Michael Staribacher, Projektberater, freiberuflicher Autor und Stadelakademie-Mitbegründer nennt seinen Beitrag "Die vier Jahreszeiten im Hintaus". Er hat Mundartliches zum Thema zusammengetragen, worunter sich auch viel Pflanzliches findet, wie Hollaschtauan (Holundersträucher), Nussbahm (Nussbaum), Eapfö (Erdäpfel), Zwetschbm (Zwetschken), Muakn (Karotten), Pedaschü (Petersil), Gugascheckln (Löwenzahn) oder Veigaln (Veilchen).

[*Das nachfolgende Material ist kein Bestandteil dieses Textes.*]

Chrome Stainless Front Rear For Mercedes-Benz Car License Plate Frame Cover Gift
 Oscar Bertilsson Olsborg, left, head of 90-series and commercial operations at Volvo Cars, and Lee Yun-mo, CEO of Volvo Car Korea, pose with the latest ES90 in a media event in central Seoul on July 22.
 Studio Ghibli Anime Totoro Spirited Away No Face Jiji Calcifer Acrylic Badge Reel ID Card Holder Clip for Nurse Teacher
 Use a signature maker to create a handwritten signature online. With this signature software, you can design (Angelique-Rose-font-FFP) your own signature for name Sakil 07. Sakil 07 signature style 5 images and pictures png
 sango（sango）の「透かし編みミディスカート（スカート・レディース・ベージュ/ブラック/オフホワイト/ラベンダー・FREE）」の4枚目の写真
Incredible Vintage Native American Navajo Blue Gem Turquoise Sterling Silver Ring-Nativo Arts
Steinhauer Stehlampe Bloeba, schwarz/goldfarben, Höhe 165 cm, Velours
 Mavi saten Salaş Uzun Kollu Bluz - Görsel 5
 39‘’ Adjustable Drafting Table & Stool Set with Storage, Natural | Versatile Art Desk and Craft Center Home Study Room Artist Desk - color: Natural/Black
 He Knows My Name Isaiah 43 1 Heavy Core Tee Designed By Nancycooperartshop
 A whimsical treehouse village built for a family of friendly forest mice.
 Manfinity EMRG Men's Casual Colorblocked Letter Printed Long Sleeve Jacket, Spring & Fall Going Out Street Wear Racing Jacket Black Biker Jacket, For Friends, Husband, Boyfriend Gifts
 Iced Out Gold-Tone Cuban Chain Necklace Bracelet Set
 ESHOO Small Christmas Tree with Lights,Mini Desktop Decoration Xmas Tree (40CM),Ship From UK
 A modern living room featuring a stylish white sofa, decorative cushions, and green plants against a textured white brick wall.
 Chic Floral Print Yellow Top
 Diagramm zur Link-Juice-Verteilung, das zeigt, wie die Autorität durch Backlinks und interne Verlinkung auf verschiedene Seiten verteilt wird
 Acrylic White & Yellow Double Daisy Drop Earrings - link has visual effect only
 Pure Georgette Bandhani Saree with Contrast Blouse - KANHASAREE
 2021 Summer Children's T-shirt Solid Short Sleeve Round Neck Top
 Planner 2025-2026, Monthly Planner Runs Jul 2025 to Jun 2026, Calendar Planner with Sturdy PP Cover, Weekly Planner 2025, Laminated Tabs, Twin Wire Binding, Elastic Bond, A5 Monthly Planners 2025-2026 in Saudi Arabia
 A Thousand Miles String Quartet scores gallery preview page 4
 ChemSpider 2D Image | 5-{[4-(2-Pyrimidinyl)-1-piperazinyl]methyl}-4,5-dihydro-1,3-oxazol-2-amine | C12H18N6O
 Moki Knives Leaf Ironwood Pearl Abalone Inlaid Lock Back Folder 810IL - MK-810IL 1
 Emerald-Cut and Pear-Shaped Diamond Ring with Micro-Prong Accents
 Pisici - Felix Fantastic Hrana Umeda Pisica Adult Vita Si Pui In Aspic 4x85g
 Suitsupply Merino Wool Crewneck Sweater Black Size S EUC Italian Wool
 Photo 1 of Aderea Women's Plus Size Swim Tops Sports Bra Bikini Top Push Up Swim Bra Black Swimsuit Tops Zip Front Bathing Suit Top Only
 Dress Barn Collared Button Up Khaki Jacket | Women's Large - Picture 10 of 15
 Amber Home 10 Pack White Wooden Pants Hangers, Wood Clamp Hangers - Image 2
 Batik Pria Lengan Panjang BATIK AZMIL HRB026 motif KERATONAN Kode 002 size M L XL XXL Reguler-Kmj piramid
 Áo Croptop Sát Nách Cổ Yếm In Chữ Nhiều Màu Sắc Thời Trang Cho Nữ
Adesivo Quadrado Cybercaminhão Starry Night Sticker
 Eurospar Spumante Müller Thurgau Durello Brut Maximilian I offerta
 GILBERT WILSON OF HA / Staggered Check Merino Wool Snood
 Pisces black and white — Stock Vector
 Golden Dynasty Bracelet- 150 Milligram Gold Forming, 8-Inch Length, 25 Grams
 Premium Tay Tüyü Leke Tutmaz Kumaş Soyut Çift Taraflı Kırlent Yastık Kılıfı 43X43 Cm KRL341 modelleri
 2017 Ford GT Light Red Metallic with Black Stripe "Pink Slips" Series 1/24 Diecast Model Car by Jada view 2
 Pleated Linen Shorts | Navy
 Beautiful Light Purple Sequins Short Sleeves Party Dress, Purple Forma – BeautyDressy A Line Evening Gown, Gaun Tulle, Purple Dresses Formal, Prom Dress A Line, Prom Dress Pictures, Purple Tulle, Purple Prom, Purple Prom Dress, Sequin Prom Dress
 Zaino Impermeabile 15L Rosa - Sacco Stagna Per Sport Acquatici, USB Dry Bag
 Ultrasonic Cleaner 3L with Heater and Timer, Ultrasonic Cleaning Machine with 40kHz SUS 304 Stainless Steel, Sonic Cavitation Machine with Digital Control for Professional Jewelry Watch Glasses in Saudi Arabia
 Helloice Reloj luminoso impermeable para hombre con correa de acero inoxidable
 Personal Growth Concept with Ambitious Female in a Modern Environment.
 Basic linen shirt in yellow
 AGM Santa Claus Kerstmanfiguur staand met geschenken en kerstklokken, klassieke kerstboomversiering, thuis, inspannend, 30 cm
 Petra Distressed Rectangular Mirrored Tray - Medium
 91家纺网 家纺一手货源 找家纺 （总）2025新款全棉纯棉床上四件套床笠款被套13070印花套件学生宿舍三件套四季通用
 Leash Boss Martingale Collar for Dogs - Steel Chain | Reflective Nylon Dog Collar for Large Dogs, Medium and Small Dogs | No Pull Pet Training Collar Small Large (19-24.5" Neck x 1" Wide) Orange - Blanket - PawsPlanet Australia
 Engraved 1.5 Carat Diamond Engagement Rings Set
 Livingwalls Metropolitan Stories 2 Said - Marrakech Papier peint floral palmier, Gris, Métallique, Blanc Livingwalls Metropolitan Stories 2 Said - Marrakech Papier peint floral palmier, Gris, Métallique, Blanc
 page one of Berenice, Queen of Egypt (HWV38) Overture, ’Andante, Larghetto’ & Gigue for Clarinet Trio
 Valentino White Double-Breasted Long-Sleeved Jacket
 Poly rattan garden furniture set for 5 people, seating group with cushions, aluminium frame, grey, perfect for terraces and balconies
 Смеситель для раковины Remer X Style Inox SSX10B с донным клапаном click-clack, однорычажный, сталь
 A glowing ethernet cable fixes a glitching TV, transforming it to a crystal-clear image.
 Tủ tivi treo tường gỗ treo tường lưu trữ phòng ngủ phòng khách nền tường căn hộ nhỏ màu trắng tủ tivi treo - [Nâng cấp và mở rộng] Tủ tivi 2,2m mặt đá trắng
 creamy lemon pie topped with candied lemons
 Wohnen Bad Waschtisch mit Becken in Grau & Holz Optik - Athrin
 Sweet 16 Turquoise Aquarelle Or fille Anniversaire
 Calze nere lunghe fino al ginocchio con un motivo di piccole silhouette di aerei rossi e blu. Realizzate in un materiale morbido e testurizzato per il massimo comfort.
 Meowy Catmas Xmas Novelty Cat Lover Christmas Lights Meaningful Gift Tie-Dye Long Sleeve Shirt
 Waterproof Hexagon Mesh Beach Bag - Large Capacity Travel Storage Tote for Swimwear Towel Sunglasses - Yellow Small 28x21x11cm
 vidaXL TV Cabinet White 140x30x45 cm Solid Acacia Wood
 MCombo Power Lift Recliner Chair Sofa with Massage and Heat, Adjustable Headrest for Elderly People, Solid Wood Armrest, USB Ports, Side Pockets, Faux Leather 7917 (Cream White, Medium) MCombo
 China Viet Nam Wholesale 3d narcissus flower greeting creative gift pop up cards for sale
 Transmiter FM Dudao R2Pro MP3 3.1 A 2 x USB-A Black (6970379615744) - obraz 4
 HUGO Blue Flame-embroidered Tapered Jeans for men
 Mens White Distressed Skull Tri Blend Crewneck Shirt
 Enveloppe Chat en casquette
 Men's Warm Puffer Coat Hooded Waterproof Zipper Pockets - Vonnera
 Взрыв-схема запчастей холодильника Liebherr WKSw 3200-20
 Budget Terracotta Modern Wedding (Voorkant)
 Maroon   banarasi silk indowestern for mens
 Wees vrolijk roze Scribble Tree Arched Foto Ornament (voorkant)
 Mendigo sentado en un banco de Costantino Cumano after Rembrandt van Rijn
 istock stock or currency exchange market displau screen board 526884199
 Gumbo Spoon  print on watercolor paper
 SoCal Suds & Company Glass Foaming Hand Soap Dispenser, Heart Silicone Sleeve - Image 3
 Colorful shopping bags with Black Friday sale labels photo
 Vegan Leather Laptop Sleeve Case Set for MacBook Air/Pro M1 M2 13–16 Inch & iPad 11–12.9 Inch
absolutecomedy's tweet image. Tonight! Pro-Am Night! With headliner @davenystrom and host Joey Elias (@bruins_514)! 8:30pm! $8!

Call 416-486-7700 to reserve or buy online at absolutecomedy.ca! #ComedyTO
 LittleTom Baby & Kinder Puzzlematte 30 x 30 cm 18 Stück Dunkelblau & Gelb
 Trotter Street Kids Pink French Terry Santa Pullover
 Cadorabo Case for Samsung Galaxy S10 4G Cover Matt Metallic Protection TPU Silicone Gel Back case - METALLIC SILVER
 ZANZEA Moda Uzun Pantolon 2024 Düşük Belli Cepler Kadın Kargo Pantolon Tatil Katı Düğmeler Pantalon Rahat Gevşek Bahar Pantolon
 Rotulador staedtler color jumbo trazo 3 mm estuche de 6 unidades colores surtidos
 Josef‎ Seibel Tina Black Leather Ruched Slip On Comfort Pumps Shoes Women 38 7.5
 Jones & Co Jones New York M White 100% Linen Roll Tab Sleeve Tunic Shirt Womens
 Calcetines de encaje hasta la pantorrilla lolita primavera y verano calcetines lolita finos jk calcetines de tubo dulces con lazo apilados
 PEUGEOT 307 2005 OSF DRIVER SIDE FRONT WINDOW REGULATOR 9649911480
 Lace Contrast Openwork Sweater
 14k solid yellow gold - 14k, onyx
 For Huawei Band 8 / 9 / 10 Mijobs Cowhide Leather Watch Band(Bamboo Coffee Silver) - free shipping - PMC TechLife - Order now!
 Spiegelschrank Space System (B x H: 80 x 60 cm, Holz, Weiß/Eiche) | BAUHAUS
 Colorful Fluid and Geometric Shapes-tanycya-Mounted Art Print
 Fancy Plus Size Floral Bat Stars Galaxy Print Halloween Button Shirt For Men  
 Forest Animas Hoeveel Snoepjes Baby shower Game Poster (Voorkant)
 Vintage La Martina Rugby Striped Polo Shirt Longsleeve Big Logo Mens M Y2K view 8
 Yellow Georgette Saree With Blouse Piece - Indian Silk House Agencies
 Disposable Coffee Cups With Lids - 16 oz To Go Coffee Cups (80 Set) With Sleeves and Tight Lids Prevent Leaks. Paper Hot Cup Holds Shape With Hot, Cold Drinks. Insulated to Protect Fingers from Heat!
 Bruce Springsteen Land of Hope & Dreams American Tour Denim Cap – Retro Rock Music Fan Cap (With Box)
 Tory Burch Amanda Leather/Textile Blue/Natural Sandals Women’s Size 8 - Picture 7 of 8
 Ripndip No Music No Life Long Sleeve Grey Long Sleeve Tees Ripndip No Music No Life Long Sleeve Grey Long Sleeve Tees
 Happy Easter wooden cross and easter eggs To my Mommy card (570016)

Der Anwalt Martin Neid bezeichnet sich selbst als "Weinviertler und Hintausbedürftiger", denn "Einzutauchen ins Hintaus hat mich immer befreit vom krankmachenden Lärm und vom Gewicht des alltäglichen Müssens. … Und weil ich immer irgendetwas müssen muss, hält mein Herz immer Ausschau nach Hintaus. … Die Oasen des Weinviertels heißen Hintaus. Ich möchte mir das Weinviertel gar nicht vorstellen ohne Hintaus. … Wenn wir uns Hintaus nehmen lassen, dann wird die Sehnsucht nach einer unasphaltierten Freiheit nur mehr durch unsere Träume geistern. Und das wäre zu wenig, um uns gesund zu erhalten. "
Glücklicherweise bemüht sich die Stadelakademie, das zu verhindern. Der dritte im Bunde der Gründer ist Johannes Rieder. Er entstammt einer legendären Poysdorfer Winzer- und Heurigenfamilie und setzt Initiativen, um die Wertschätzung der Weinviertler Lebenskultur zu fördern. Inzwischen vermitteln 40 StadelmeisterInnen Wissen über die Stadel. Über deren Zukunft kann Johannes Rieder schon Positives berichten: "Manche sind zu begehrten Dorf- und Veranstaltungszentren umgewidmet und so zu kraftvollen Biotopen des dörflichen Gemeinschaftslebens geworden. … Pfarrstadel stärken landauf, landab das Miteinander. Heurigenstadel laden ein, Kostbarkeiten aus Küche und Kellern zu genießen." In einige sind Vereine, Museen, Künstler und Kulturschaffende eingezogen.
Besondere Erwähnung verdienen die Fotos von Wolfgang Krammer. Als Werbefotograf, Ausstellungsgestalter und Bildband-Autor vermittelt er mit professionellem Blick Informationen und Emotionen. Ob es sich um poetische Baudetails, Einzelobjekte oder Straßenzeilen handelt, die Bilder rücken das baukulturelle Erbe ins rechte Licht. " Die oftmals beeindruckende Architektur der Holzbauten schafft eine zeitlose, wohltuende Atmosphäre", schreibt Johannes Rieder. Krammers Bilder vermitteln sie. Selbst wenn manche Objekte zur "dicht bepickten Plakatwand" geworden sind, in Ehren altern oder in Schönheit sterben, "der Stadel erträgt's mit Würde", wie es in einer Bildunterschrift so treffend heißt.